Yes... the one in Georgia.

I think you just made a baby panda cry... but I agree with you... weather is a major factor.

I looked back to the link I found about John's Creek.  Now I get the panda joke.  :)

Read these to get the jokes:http://www.talkirvine.com/index.php/topic,3853.0.htmlhttp://www.talkirvine.com/index.php/topic,3823.0.html
 
Hey, you guys can laugh about Johns Creek but Panda has found an area of opportunity unlike the folks who are a day late and a dollar short in Irvine. Imo, he's going to be the one laughing... all the way to the bank.

Rates.. glad I locked when I did. I hopped the last train to Refiville. Signing Party at my house Saturday.
 
There was news today that the job market was better then expected = more chance of Fed's QE Infinity (bond purchase) might slow down = Higher interest rate.
Mortgage rates are highly correlated to 10-year treasury.  Seems like with an improving economy, the rates will go higher from here unless something blows up and Fed continues on their QE Infinity money printing action.
 
Goriot said:
There was news today that the job market was better then expected = more chance of Fed's QE Infinity (bond purchase) might slow down = Higher interest rate.
Mortgage rates are highly correlated to 10-year treasury.  Seems like with an improving economy, the rates will go higher from here unless something blows up and Fed continues on their QE Infinity money printing action.

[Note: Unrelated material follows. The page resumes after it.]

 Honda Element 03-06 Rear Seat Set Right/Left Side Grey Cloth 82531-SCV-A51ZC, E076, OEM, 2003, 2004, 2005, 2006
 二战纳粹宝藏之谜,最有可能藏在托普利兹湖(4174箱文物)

Weird cuz the articles I read say that there is some job growth (175,000) but not enough to stop the Fed's buying and that's why the DJ is up. 
 
http://money.cnn.com/2013/06/07/investing/stocks-markets/index.html?iid=HP_LN

175,000 actual vs. 158,000 expectation.  Yes.  good job numbers but not great enough for IMMEDIATE tampering so it's neutral.  But based on 10-year treasury yield movement, which is up by 4% or 0.08% to 2.16% today from 2.08% yesterday, the market is pretty nervous about Fed easing the QE Infinity sooner rather then later because of slow but steady recovery in the economy.  We'll see how it goes in their next meeting in June 18th to 19th.  There is going to be so much more volatility due to uncertainties with Fed Manipulation/money printing and Abenomics or perhaps abemageddon.
 
Irvinecommuter said:
Goriot said:
There was news today that the job market was better then expected = more chance of Fed's QE Infinity (bond purchase) might slow down = Higher interest rate.
Mortgage rates are highly correlated to 10-year treasury.  Seems like with an improving economy, the rates will go higher from here unless something blows up and Fed continues on their QE Infinity money printing action.

Weird cuz the articles I read say that there is some job growth (175,000) but not enough to stop the Fed's buying and that's why the DJ is up.

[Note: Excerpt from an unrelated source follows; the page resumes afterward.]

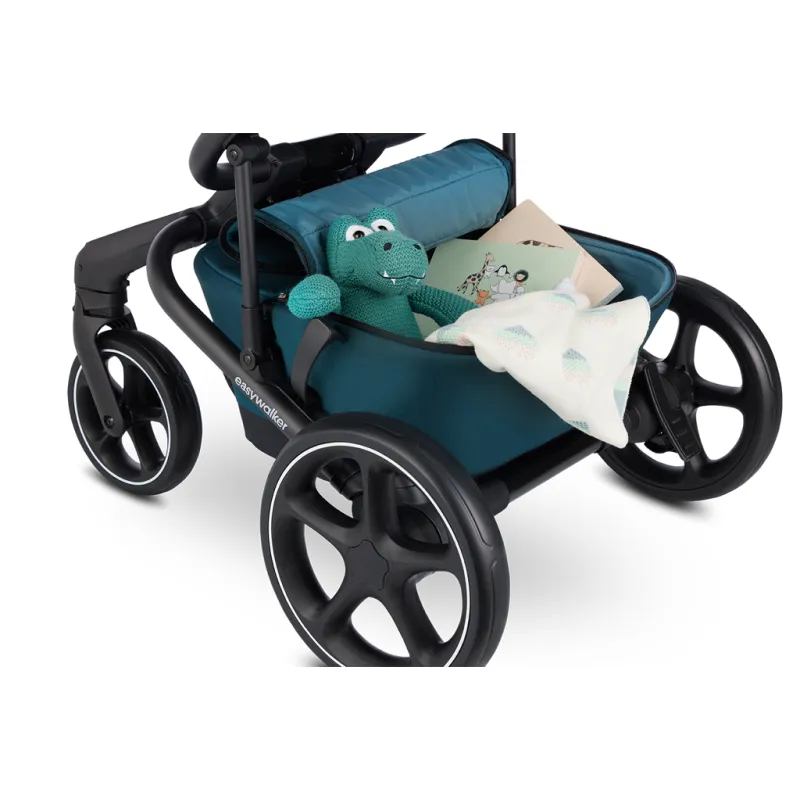 EASYWALKER Set XXL kočárek kombinovaný Harvey5 Air Premium s příslušenstvím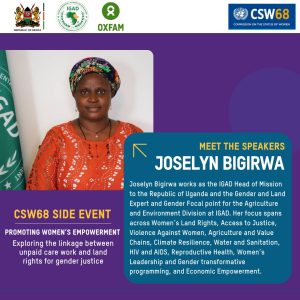 Joselyn Bigirwa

Today's DJ gain is a minor relief that the number doesn't provide strong support for Fed to slow the QE3 anytime soon, yet it shows some improvement to economy. It's like the perfect number.

I read something about Fed might want to see "substantial signal" of job growth, which could mean +200000 jobs in four consecutive months. We are still not quite there, but the low rates dates are numbered for sure. For short term though, the interest rate should go lower for a bit, it jumped from 3.5% to 4.2% in just one month. That's overreacting for sure.
 
Job growth slightly higher, but last months jobs report was revised down.

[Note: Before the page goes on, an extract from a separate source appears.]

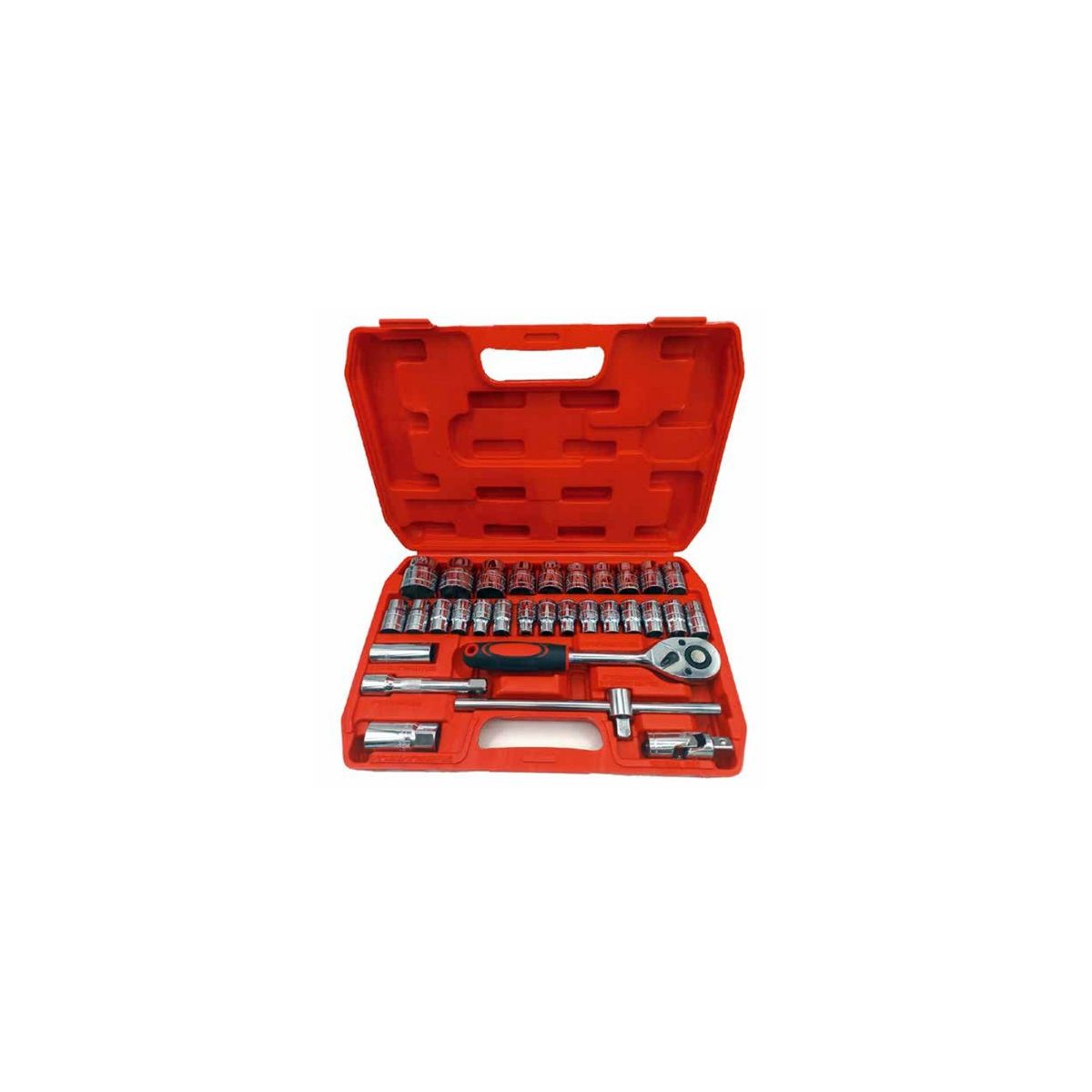 GENERICO - Juego Caja Chicharra Y Set Dados 32 Piezas - SC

Unemployment up even though higher jobs growth.

QE3 ending ready or not.

Oh, and rates are going higher.  Look at how steep the buy down points are.
 
SoCal said:
Hey, you guys can laugh about Johns Creek but Panda has found an area of opportunity unlike the folks who are a day late and a dollar short in Irvine. Imo, he's going to be the one laughing... all the way to the bank.
And when he makes all that money... he'll come back to Irvine. You can only take those hot/humid summers for so long.
 
Based on Bernake's past response, it is unlikely he will let the market crash because of interest rate increase.  People don't call him helicopter Ben for no reason.  In my opinion, the threat of hyperinflation from too much money printing is overblown.  Thanks to globalization, wages will remain stuck for the foreseeable future.  Thus, there will be no pricing pressure coming from the 99% of the population.  Since everyone else are printing money too, there will be little threat of US dollar flight.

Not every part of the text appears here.